For physics Limon uses Bullet Physics. The only PhysicalObject children are registered to physics subsystem. At version 0.6, there are Model and ModelGroup classes that use Physics. The physical representation of Models are auto generated using the following logic:

1. For each mesh, if another mesh with same name prefixed with “UCX_” that mesh will be used.
2. Else if object is not animated, and static, use the full mesh data to generate rigid body. This is because static objects might be concave.
3. Else if object is not animated, and dynamic, auto generate a hull that encapsulates whole object. Dynamic objects are forced to be convex.
4. Else if object is animated, for each bone, auto generate a hull for the vertices that are attached to that bone. Each of those hulls animate with the object itself

Model groups just groups the models with given physical representations.

IO

IO is handled with multiple levels of abstraction. Part of platform wrapper maps raw input to engine inputs. After that, an implementer of Player will get the input in form of void move(moveDirections) and void rotate(float xPosition, float yPosition, float xChange, float yChange) methods. The Player class has settings that allow different types of interaction, like physical, editor etc. In the end, the inputs are feed to PlayerExtensions, so they can handle them as they see fit.

Sound

Sound backend is OpenAL. A separate thread is used to refresh sound buffers. Sound Assets and sound subsystem complexities are abstracted by Sound GameObject.

GUI

GUI is rendered and IO is handled by normal subsystems. GUI objects must implement GUIRenderable class. If the current Player is flagged with menuInteraction, the GUI objects will react to player input.

Editor

Editor is built using Dear ImGui library. Main part of it is within World class, but to enable custom behaviour, objects get to implement their own editor interfaces.

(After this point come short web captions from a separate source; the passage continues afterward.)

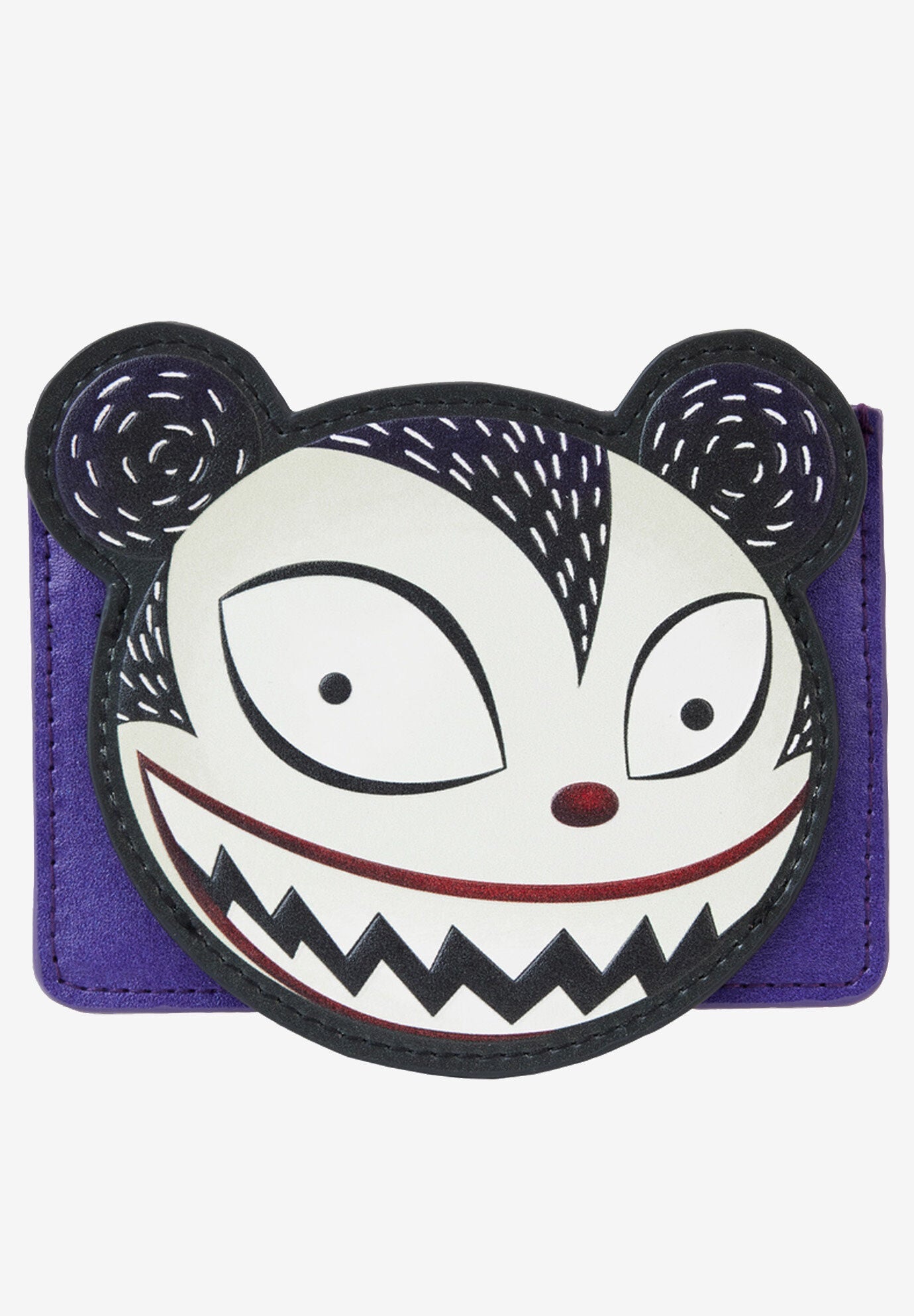 Loungefly X Nightmare Before Christmas Scary Teddy Card Holder Wallet, BLACK, hi-res image number 0
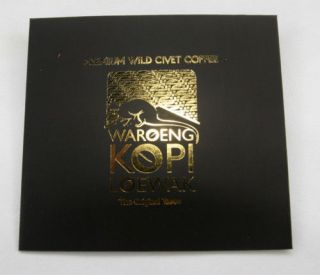 Kopi Luwak Robusta 100% Organic Indonesia Civet Coffe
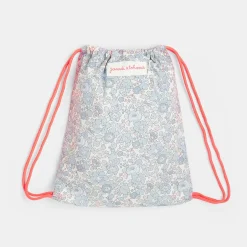 Accessoires-Jacadi Sac à goûter en tissu Liberty - x Tohana - lore GRIS/MULTICO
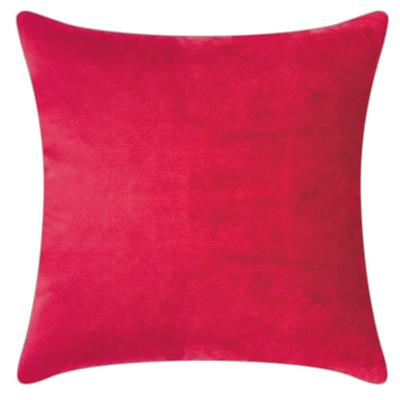 Dekokissen PAD "Elegance", rot (rot, unifarben), B:50cm L:50cm, Polyester, Dekokissen_Sitzkissen_Kissenhüllen, Design als Basic, aus Samt, elegante Optik, in verschiedenen Größen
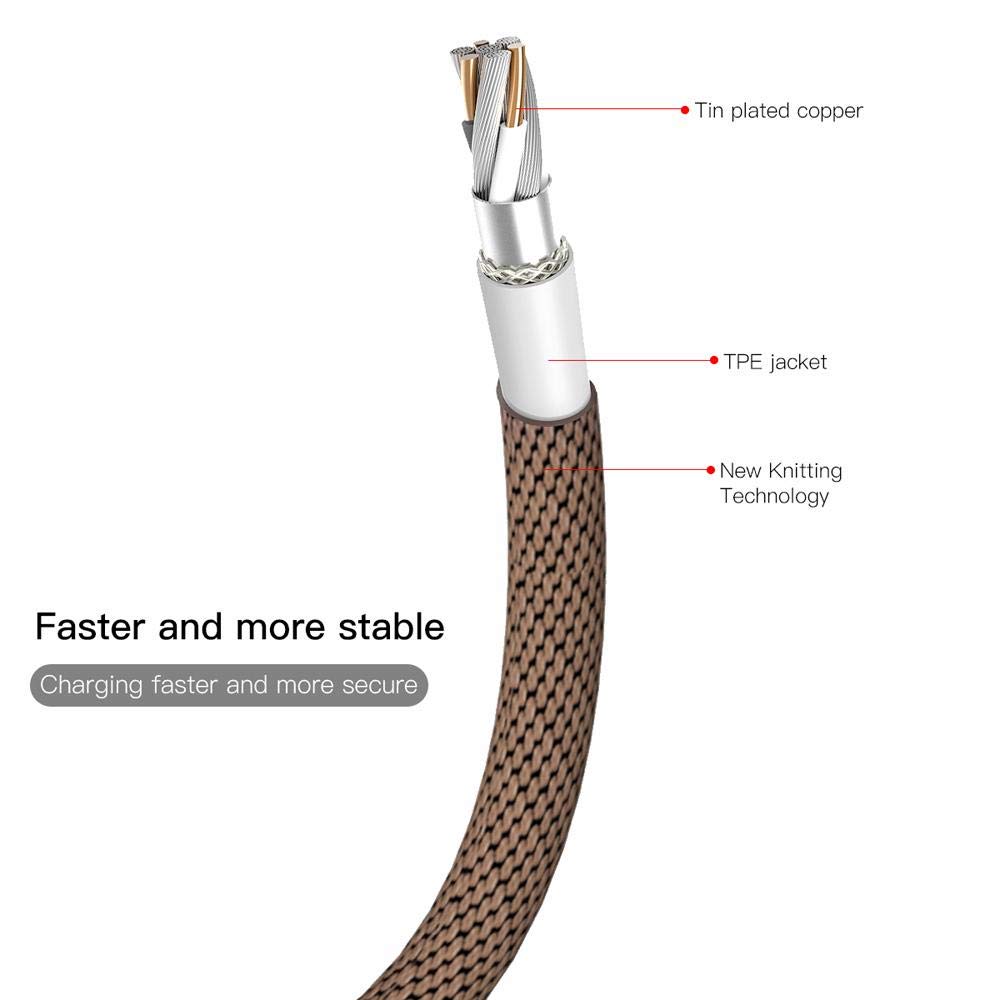Baseus Yiven 10ft Lightning Cable for iPhone - Durable Fast Charging USB to Lightning Cable Compatible with iPhone 14/13/12/11/X/8/7/6 - Perfect for Home, Office, Car Charging & Travel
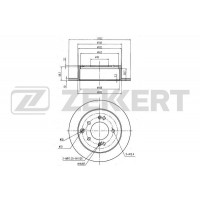 BS-5642 ZEKKERT Гальмівний диск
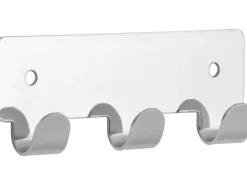 Siro Garderoben^Hakenleiste 1603 Metall Länge 114 mm 3 Haken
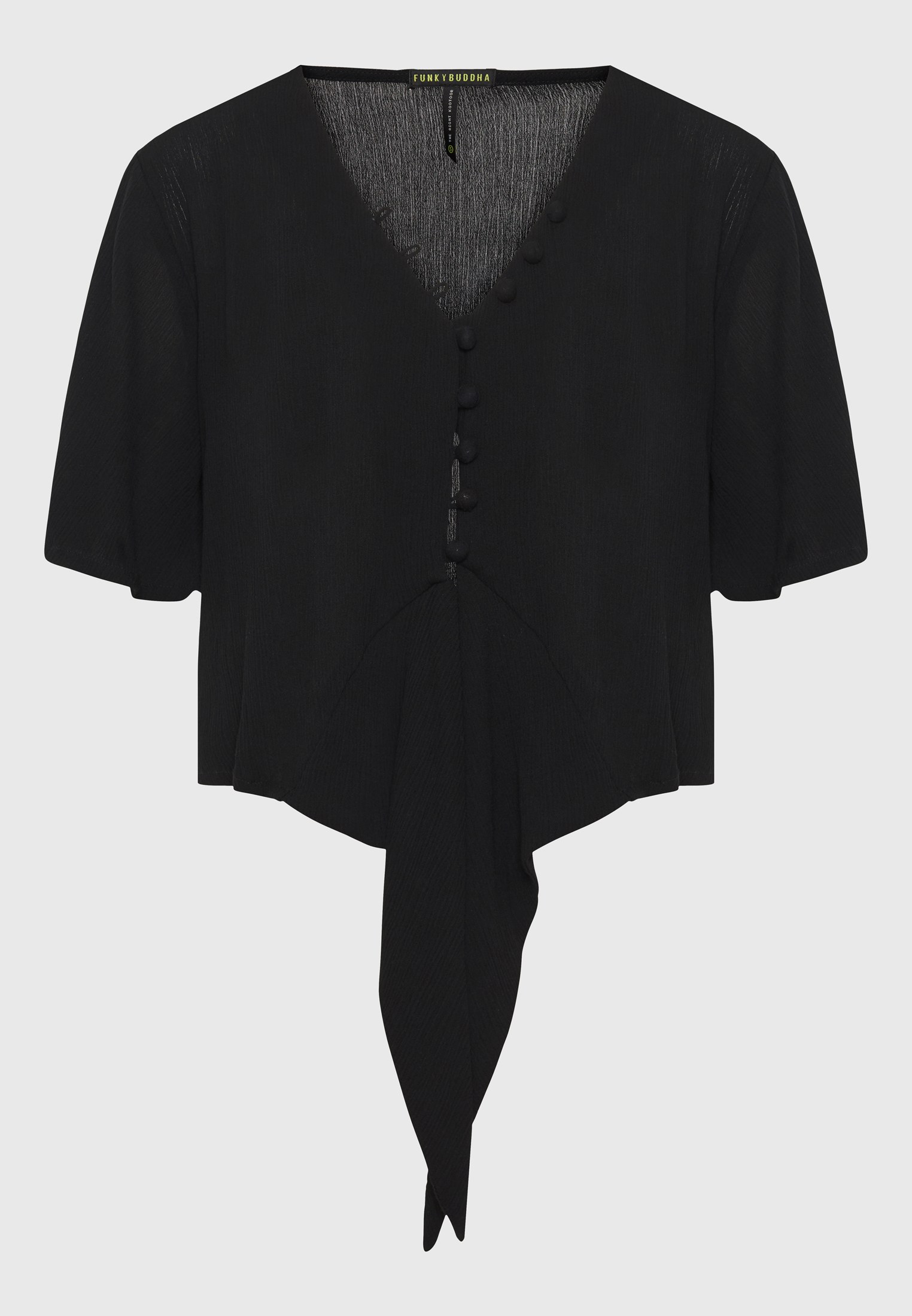 Women's Shirts Funky Buddha Black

Game Play and Game Objects

As of version 0.6, Limon engine has following game objects:

• Player
• Light
• Model
• Model Group
• SkyBox
• Trigger Object
• Gui Text
• Gui Image
• Gui Button
• Gui Animation
• Sound

Those object can be used in Editor, and by Triggers. Gameplay layer has an API called LimonAPI, and it has an interface to allow extending, and Limon Engine supports dynamically loading those custom triggers. For details, please check How to Implement an Action

AI

Limon has an interface called ActorInterface that is used to allow custom AI implementations to be used. Each actor will be triggered each simulation step with ActorInformation, which contains the player direction, whether or not player is visible etc. It is possible to ask for a route to player using this interface too, assuming actor is same size with the player.